▶ Task directions: Taking only the lines of the data below from the line with "2 Layers 1t" to the line with "Halbzeit der Wahlperiode: Grüne", ends included, write them out exactly and without pictures.

▶ Records shown:
-- -- --
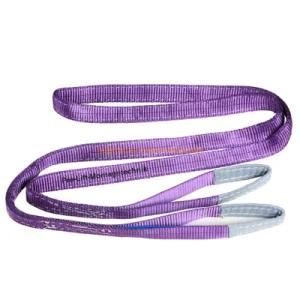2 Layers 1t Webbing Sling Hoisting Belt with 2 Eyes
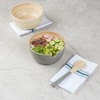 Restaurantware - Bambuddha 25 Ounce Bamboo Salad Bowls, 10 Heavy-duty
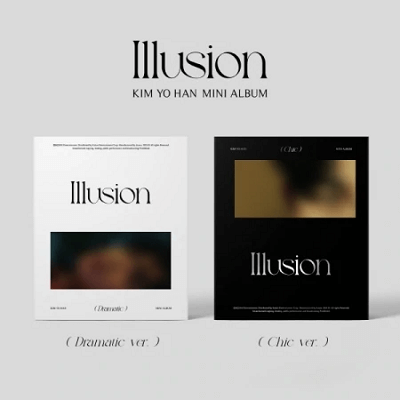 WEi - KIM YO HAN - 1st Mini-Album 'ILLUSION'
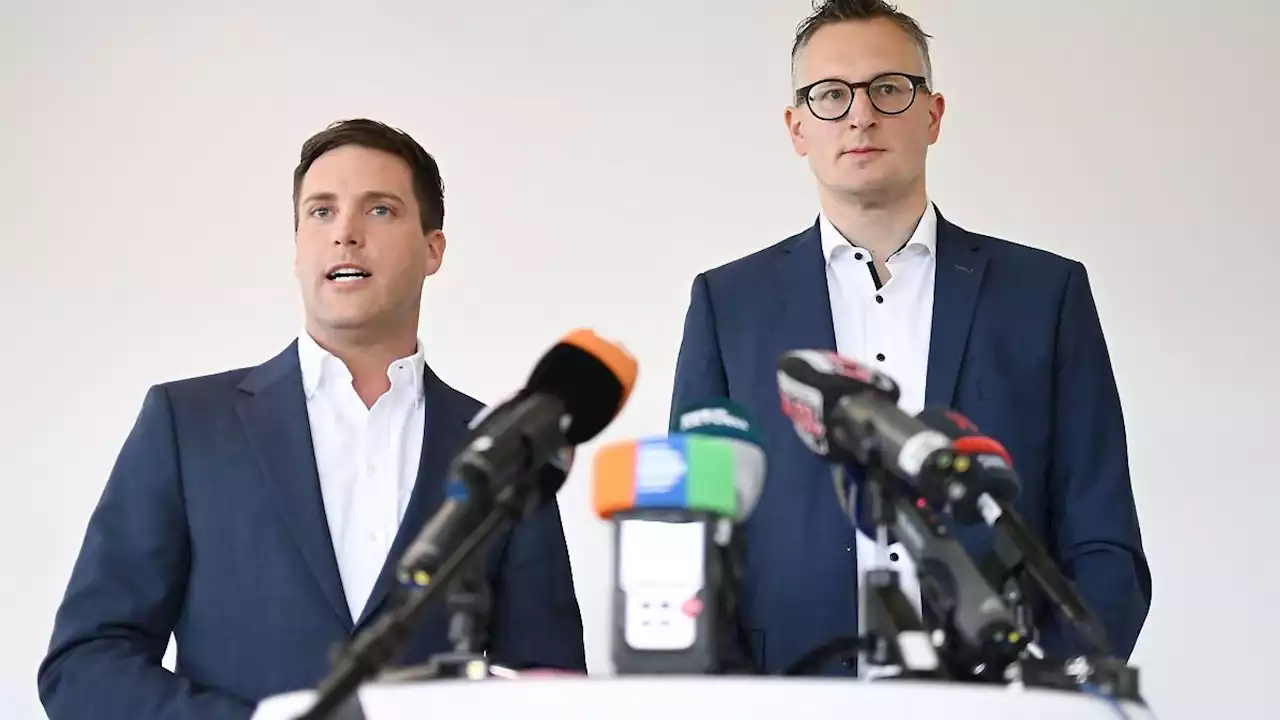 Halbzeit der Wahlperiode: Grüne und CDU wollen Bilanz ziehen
-- -- --
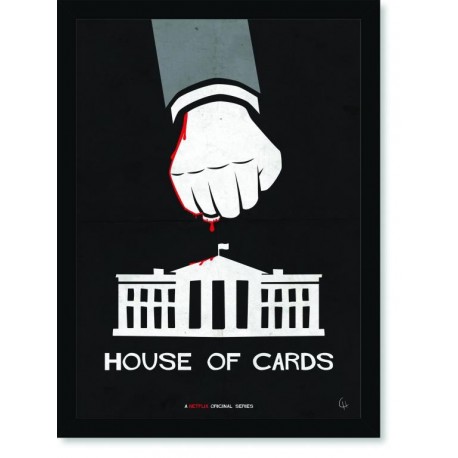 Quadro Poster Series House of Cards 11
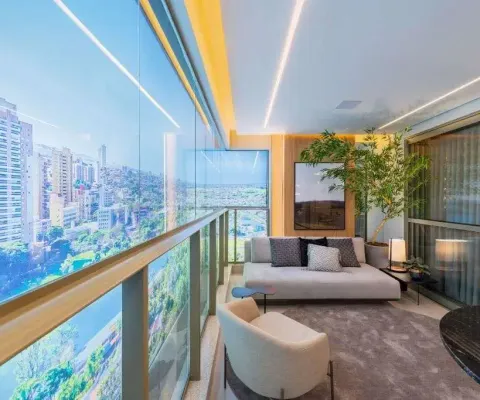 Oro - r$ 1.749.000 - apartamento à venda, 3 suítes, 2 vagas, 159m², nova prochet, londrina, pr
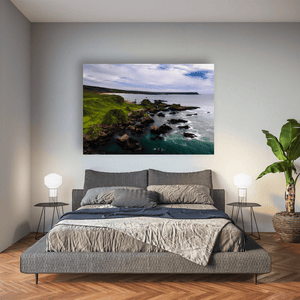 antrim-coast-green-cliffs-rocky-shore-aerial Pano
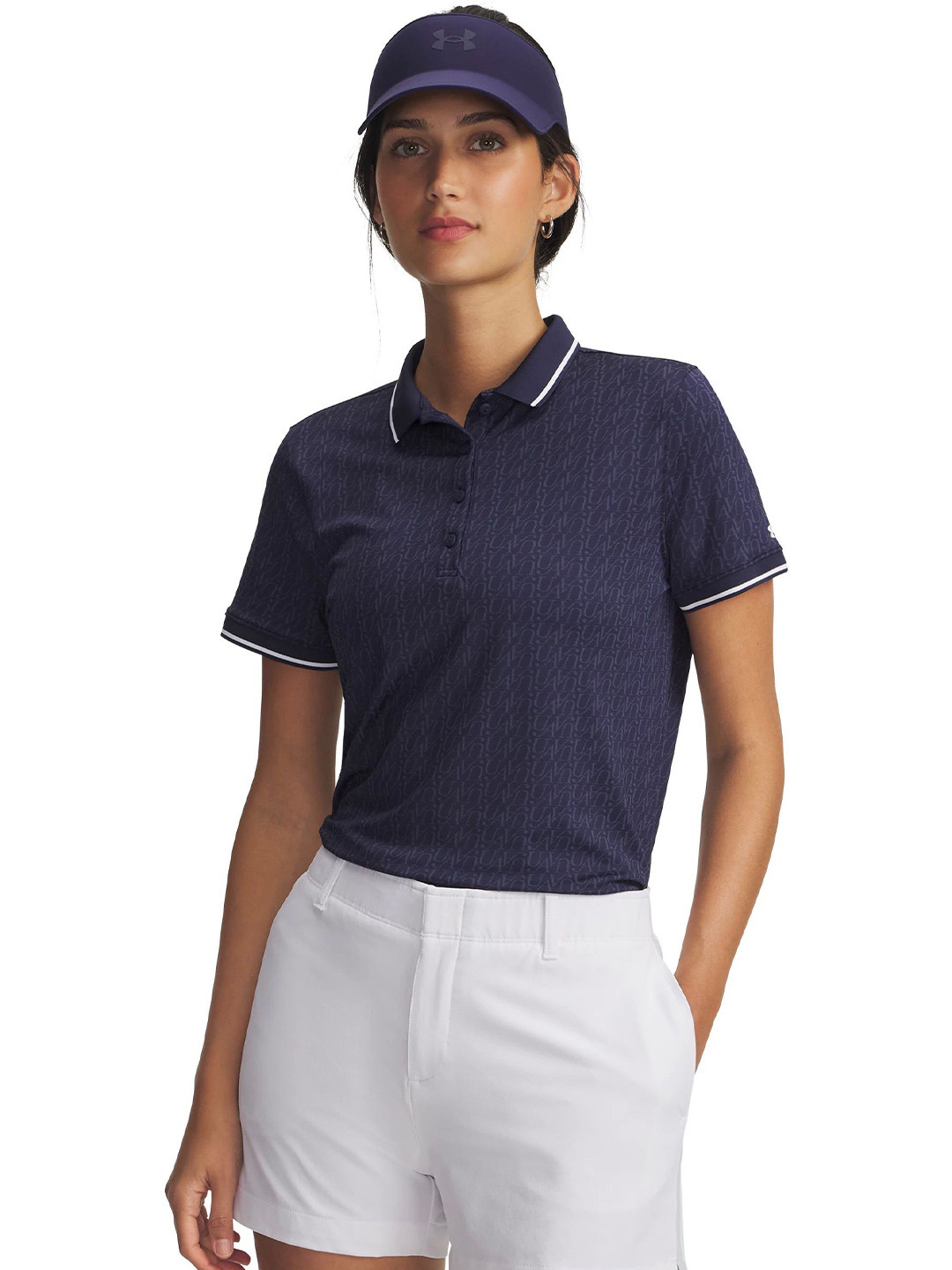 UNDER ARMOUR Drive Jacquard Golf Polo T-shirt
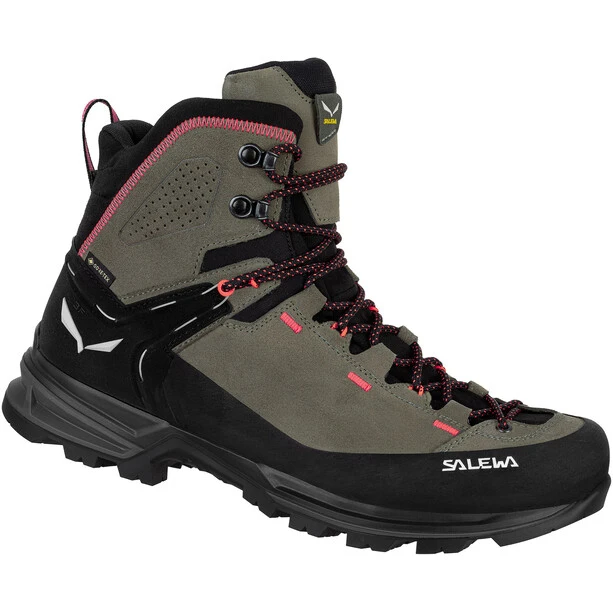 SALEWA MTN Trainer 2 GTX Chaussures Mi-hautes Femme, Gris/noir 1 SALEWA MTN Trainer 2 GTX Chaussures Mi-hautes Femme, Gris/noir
-- -- --
▶ Answer space:
2 Layers 1t Webbing Sling Hoisting Belt with 2 Eyes
 Restaurantware - Bambuddha 25 Ounce Bamboo Salad Bowls, 10 Heavy-duty
 WEi - KIM YO HAN - 1st Mini-Album 'ILLUSION'
 Halbzeit der Wahlperiode: Grüne und CDU wollen Bilanz ziehen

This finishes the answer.